## Material to process:
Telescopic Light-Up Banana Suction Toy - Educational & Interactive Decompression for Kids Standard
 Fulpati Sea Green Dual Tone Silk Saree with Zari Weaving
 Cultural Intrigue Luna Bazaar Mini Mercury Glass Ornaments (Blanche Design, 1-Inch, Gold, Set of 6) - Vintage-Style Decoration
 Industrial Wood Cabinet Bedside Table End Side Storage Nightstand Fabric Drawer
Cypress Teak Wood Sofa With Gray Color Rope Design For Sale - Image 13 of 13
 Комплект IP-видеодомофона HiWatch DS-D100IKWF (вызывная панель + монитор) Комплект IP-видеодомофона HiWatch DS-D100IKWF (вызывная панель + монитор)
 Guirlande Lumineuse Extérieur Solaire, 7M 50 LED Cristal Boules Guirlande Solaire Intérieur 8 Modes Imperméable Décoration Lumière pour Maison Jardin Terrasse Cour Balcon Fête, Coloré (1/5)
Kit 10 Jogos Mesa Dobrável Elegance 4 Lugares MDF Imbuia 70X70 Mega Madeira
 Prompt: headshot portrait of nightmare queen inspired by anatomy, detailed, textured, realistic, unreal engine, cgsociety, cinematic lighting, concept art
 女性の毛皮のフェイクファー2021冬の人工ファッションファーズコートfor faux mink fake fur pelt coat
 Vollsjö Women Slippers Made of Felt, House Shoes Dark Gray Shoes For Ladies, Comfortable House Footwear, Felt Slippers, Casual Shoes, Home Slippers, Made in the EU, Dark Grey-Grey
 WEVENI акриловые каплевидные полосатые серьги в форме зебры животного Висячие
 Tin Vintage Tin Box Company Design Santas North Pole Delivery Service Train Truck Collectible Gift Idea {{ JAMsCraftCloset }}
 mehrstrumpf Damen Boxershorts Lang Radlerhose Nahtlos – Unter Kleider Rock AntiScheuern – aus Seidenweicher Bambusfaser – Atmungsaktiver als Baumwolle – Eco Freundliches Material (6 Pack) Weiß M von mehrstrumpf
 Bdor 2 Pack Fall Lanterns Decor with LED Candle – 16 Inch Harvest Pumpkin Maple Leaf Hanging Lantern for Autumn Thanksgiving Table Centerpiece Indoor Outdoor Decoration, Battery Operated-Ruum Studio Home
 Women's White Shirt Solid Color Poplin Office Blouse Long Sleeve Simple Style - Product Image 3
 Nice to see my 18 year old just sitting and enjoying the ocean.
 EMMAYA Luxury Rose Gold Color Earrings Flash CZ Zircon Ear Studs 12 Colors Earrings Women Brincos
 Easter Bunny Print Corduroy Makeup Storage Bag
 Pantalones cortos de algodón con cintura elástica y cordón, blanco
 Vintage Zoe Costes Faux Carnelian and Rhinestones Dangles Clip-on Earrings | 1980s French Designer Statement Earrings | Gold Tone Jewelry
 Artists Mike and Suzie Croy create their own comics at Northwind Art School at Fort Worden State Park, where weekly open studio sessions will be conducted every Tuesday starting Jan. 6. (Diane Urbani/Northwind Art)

## What needs to be done:
Please transcribe all of the records, keeping every line exactly as it is.

## Exercise solution:
Telescopic Light-Up Banana Suction Toy - Educational & Interactive Decompression for Kids Standard
 Fulpati Sea Green Dual Tone Silk Saree with Zari Weaving
 Cultural Intrigue Luna Bazaar Mini Mercury Glass Ornaments (Blanche Design, 1-Inch, Gold, Set of 6) - Vintage-Style Decoration
 Industrial Wood Cabinet Bedside Table End Side Storage Nightstand Fabric Drawer
Cypress Teak Wood Sofa With Gray Color Rope Design For Sale - Image 13 of 13
 Комплект IP-видеодомофона HiWatch DS-D100IKWF (вызывная панель + монитор) Комплект IP-видеодомофона HiWatch DS-D100IKWF (вызывная панель + монитор)
 Guirlande Lumineuse Extérieur Solaire, 7M 50 LED Cristal Boules Guirlande Solaire Intérieur 8 Modes Imperméable Décoration Lumière pour Maison Jardin Terrasse Cour Balcon Fête, Coloré (1/5)
Kit 10 Jogos Mesa Dobrável Elegance 4 Lugares MDF Imbuia 70X70 Mega Madeira
 Prompt: headshot portrait of nightmare queen inspired by anatomy, detailed, textured, realistic, unreal engine, cgsociety, cinematic lighting, concept art
 女性の毛皮のフェイクファー2021冬の人工ファッションファーズコートfor faux mink fake fur pelt coat
 Vollsjö Women Slippers Made of Felt, House Shoes Dark Gray Shoes For Ladies, Comfortable House Footwear, Felt Slippers, Casual Shoes, Home Slippers, Made in the EU, Dark Grey-Grey
 WEVENI акриловые каплевидные полосатые серьги в форме зебры животного Висячие
 Tin Vintage Tin Box Company Design Santas North Pole Delivery Service Train Truck Collectible Gift Idea {{ JAMsCraftCloset }}
 mehrstrumpf Damen Boxershorts Lang Radlerhose Nahtlos – Unter Kleider Rock AntiScheuern – aus Seidenweicher Bambusfaser – Atmungsaktiver als Baumwolle – Eco Freundliches Material (6 Pack) Weiß M von mehrstrumpf
 Bdor 2 Pack Fall Lanterns Decor with LED Candle – 16 Inch Harvest Pumpkin Maple Leaf Hanging Lantern for Autumn Thanksgiving Table Centerpiece Indoor Outdoor Decoration, Battery Operated-Ruum Studio Home
 Women's White Shirt Solid Color Poplin Office Blouse Long Sleeve Simple Style - Product Image 3
 Nice to see my 18 year old just sitting and enjoying the ocean.
 EMMAYA Luxury Rose Gold Color Earrings Flash CZ Zircon Ear Studs 12 Colors Earrings Women Brincos
 Easter Bunny Print Corduroy Makeup Storage Bag
 Pantalones cortos de algodón con cintura elástica y cordón, blanco
 Vintage Zoe Costes Faux Carnelian and Rhinestones Dangles Clip-on Earrings | 1980s French Designer Statement Earrings | Gold Tone Jewelry
 Artists Mike and Suzie Croy create their own comics at Northwind Art School at Fort Worden State Park, where weekly open studio sessions will be conducted every Tuesday starting Jan. 6. (Diane Urbani/Northwind Art)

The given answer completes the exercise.